**Task goal**
The records are to be copied in their entirety, exactly as given.

[Extracted data entries]

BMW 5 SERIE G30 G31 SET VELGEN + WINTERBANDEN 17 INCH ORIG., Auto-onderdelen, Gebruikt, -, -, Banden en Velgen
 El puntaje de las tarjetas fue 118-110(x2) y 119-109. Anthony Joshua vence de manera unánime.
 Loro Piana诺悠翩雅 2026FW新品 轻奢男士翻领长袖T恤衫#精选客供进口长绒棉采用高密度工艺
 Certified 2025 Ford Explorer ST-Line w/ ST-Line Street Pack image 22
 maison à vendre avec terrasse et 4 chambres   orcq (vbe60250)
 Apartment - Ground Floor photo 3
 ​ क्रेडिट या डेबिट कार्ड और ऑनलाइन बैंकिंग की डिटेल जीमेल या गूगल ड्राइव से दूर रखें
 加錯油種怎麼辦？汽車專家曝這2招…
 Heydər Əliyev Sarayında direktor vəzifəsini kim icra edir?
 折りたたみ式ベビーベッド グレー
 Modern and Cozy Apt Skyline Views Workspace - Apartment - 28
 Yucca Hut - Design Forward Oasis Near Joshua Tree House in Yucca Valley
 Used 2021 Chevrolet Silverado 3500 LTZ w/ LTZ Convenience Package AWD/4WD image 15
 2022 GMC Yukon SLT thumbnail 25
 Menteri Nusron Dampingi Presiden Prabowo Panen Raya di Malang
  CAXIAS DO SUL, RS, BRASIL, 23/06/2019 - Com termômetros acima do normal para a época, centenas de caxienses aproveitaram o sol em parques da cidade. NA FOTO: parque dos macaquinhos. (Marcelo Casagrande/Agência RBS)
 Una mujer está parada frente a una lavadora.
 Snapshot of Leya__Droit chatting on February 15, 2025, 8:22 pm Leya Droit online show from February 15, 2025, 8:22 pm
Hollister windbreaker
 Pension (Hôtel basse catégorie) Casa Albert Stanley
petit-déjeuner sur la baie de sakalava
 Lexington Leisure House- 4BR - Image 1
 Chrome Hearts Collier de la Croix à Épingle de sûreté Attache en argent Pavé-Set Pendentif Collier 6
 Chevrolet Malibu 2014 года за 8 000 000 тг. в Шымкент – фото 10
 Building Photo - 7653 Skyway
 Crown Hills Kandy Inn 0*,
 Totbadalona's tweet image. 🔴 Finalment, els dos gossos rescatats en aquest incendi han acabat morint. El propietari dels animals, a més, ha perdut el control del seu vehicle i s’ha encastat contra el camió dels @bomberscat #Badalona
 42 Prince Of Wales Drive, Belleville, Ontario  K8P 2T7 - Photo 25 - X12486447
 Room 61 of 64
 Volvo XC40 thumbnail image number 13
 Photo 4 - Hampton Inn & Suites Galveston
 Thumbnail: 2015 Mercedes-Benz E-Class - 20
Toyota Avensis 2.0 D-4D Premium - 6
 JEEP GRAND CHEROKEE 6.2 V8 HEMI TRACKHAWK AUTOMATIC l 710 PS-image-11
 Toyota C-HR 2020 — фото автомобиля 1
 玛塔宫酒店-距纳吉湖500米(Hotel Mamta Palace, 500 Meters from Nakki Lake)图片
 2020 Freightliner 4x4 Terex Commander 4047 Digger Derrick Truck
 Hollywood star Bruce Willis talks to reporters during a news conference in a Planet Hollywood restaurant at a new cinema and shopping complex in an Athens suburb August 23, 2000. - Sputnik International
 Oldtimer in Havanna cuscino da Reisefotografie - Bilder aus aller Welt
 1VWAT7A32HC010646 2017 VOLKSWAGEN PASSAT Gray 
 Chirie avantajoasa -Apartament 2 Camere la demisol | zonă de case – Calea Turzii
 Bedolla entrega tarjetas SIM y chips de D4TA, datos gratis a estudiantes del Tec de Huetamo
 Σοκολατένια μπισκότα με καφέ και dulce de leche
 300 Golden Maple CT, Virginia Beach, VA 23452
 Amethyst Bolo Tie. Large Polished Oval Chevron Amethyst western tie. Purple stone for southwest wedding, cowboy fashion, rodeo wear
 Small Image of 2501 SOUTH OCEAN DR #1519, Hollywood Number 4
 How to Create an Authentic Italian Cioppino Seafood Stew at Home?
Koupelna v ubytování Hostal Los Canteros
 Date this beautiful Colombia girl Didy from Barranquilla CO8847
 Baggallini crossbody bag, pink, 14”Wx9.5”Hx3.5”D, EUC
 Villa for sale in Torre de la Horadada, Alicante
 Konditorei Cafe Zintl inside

**Response area**
BMW 5 SERIE G30 G31 SET VELGEN + WINTERBANDEN 17 INCH ORIG., Auto-onderdelen, Gebruikt, -, -, Banden en Velgen
 El puntaje de las tarjetas fue 118-110(x2) y 119-109. Anthony Joshua vence de manera unánime.
 Loro Piana诺悠翩雅 2026FW新品 轻奢男士翻领长袖T恤衫#精选客供进口长绒棉采用高密度工艺
 Certified 2025 Ford Explorer ST-Line w/ ST-Line Street Pack image 22
 maison à vendre avec terrasse et 4 chambres   orcq (vbe60250)
 Apartment - Ground Floor photo 3
 ​ क्रेडिट या डेबिट कार्ड और ऑनलाइन बैंकिंग की डिटेल जीमेल या गूगल ड्राइव से दूर रखें
 加錯油種怎麼辦？汽車專家曝這2招…
 Heydər Əliyev Sarayında direktor vəzifəsini kim icra edir?
 折りたたみ式ベビーベッド グレー
 Modern and Cozy Apt Skyline Views Workspace - Apartment - 28
 Yucca Hut - Design Forward Oasis Near Joshua Tree House in Yucca Valley
 Used 2021 Chevrolet Silverado 3500 LTZ w/ LTZ Convenience Package AWD/4WD image 15
 2022 GMC Yukon SLT thumbnail 25
 Menteri Nusron Dampingi Presiden Prabowo Panen Raya di Malang
  CAXIAS DO SUL, RS, BRASIL, 23/06/2019 - Com termômetros acima do normal para a época, centenas de caxienses aproveitaram o sol em parques da cidade. NA FOTO: parque dos macaquinhos. (Marcelo Casagrande/Agência RBS)
 Una mujer está parada frente a una lavadora.
 Snapshot of Leya__Droit chatting on February 15, 2025, 8:22 pm Leya Droit online show from February 15, 2025, 8:22 pm
Hollister windbreaker
 Pension (Hôtel basse catégorie) Casa Albert Stanley
petit-déjeuner sur la baie de sakalava
 Lexington Leisure House- 4BR - Image 1
 Chrome Hearts Collier de la Croix à Épingle de sûreté Attache en argent Pavé-Set Pendentif Collier 6
 Chevrolet Malibu 2014 года за 8 000 000 тг. в Шымкент – фото 10
 Building Photo - 7653 Skyway
 Crown Hills Kandy Inn 0*,
 Totbadalona's tweet image. 🔴 Finalment, els dos gossos rescatats en aquest incendi han acabat morint. El propietari dels animals, a més, ha perdut el control del seu vehicle i s’ha encastat contra el camió dels @bomberscat #Badalona
 42 Prince Of Wales Drive, Belleville, Ontario  K8P 2T7 - Photo 25 - X12486447
 Room 61 of 64
 Volvo XC40 thumbnail image number 13
 Photo 4 - Hampton Inn & Suites Galveston
 Thumbnail: 2015 Mercedes-Benz E-Class - 20
Toyota Avensis 2.0 D-4D Premium - 6
 JEEP GRAND CHEROKEE 6.2 V8 HEMI TRACKHAWK AUTOMATIC l 710 PS-image-11
 Toyota C-HR 2020 — фото автомобиля 1
 玛塔宫酒店-距纳吉湖500米(Hotel Mamta Palace, 500 Meters from Nakki Lake)图片
 2020 Freightliner 4x4 Terex Commander 4047 Digger Derrick Truck
 Hollywood star Bruce Willis talks to reporters during a news conference in a Planet Hollywood restaurant at a new cinema and shopping complex in an Athens suburb August 23, 2000. - Sputnik International
 Oldtimer in Havanna cuscino da Reisefotografie - Bilder aus aller Welt
 1VWAT7A32HC010646 2017 VOLKSWAGEN PASSAT Gray 
 Chirie avantajoasa -Apartament 2 Camere la demisol | zonă de case – Calea Turzii
 Bedolla entrega tarjetas SIM y chips de D4TA, datos gratis a estudiantes del Tec de Huetamo
 Σοκολατένια μπισκότα με καφέ και dulce de leche
 300 Golden Maple CT, Virginia Beach, VA 23452
 Amethyst Bolo Tie. Large Polished Oval Chevron Amethyst western tie. Purple stone for southwest wedding, cowboy fashion, rodeo wear
 Small Image of 2501 SOUTH OCEAN DR #1519, Hollywood Number 4
 How to Create an Authentic Italian Cioppino Seafood Stew at Home?
Koupelna v ubytování Hostal Los Canteros
 Date this beautiful Colombia girl Didy from Barranquilla CO8847
 Baggallini crossbody bag, pink, 14”Wx9.5”Hx3.5”D, EUC
 Villa for sale in Torre de la Horadada, Alicante
 Konditorei Cafe Zintl inside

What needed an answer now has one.